══ Exercise data ══
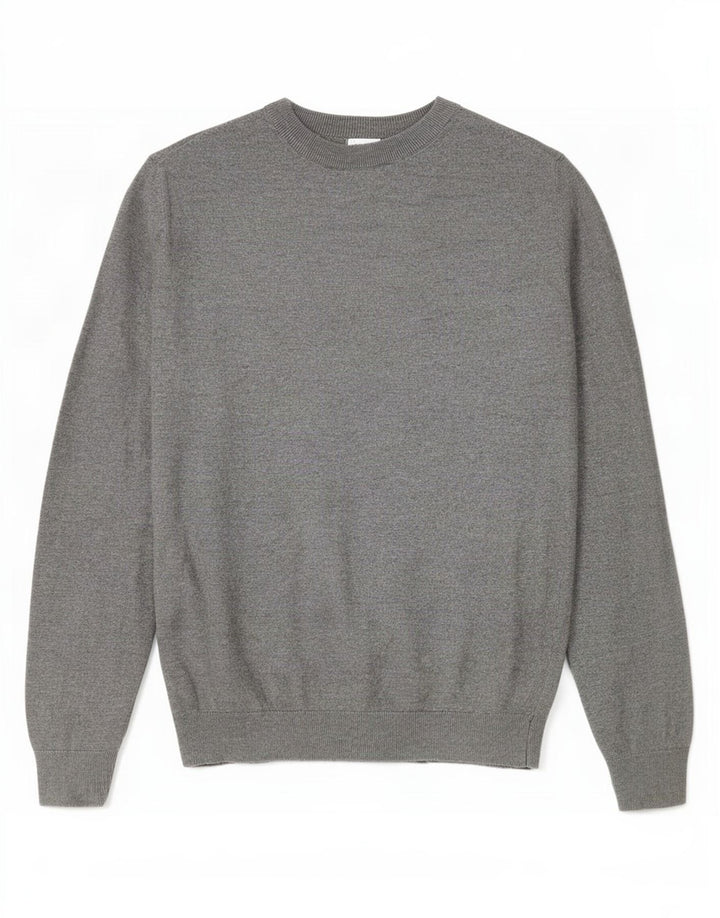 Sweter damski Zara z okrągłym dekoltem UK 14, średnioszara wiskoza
═══
══ Exercise data ══
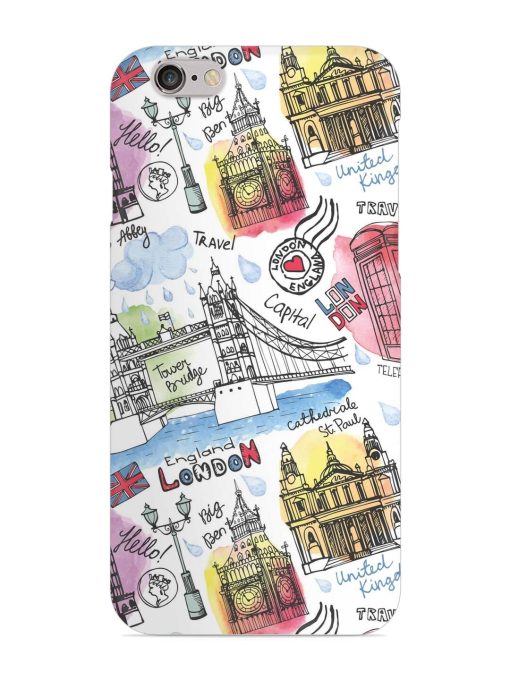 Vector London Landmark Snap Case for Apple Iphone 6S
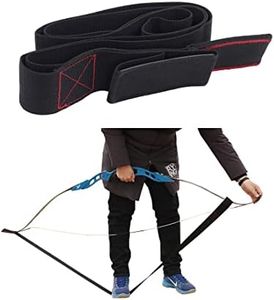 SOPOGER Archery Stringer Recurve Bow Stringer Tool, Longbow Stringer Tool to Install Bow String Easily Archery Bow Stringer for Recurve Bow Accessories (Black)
═══
══ Exercise data ══
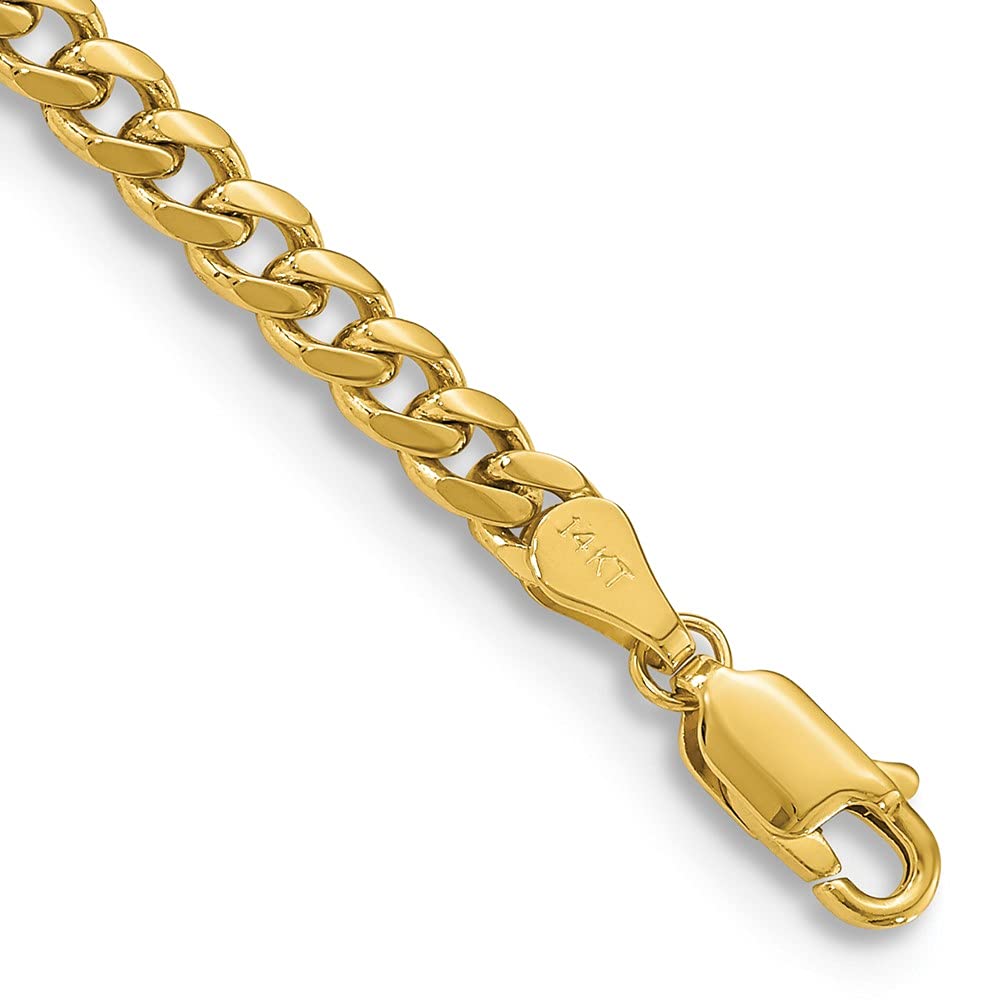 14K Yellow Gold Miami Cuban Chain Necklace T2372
═══
Problem details:
Reproduce, exactly and only, the lines of the records above starting at the line with "Vector London Landmark" and ending at the line with "SOPOGER Archery Stringer", both included. Leave every picture out.

Written answer:
 Vector London Landmark Snap Case for Apple Iphone 6S
 SOPOGER Archery Stringer Recurve Bow Stringer Tool, Longbow Stringer Tool to Install Bow String Easily Archery Bow Stringer for Recurve Bow Accessories (Black)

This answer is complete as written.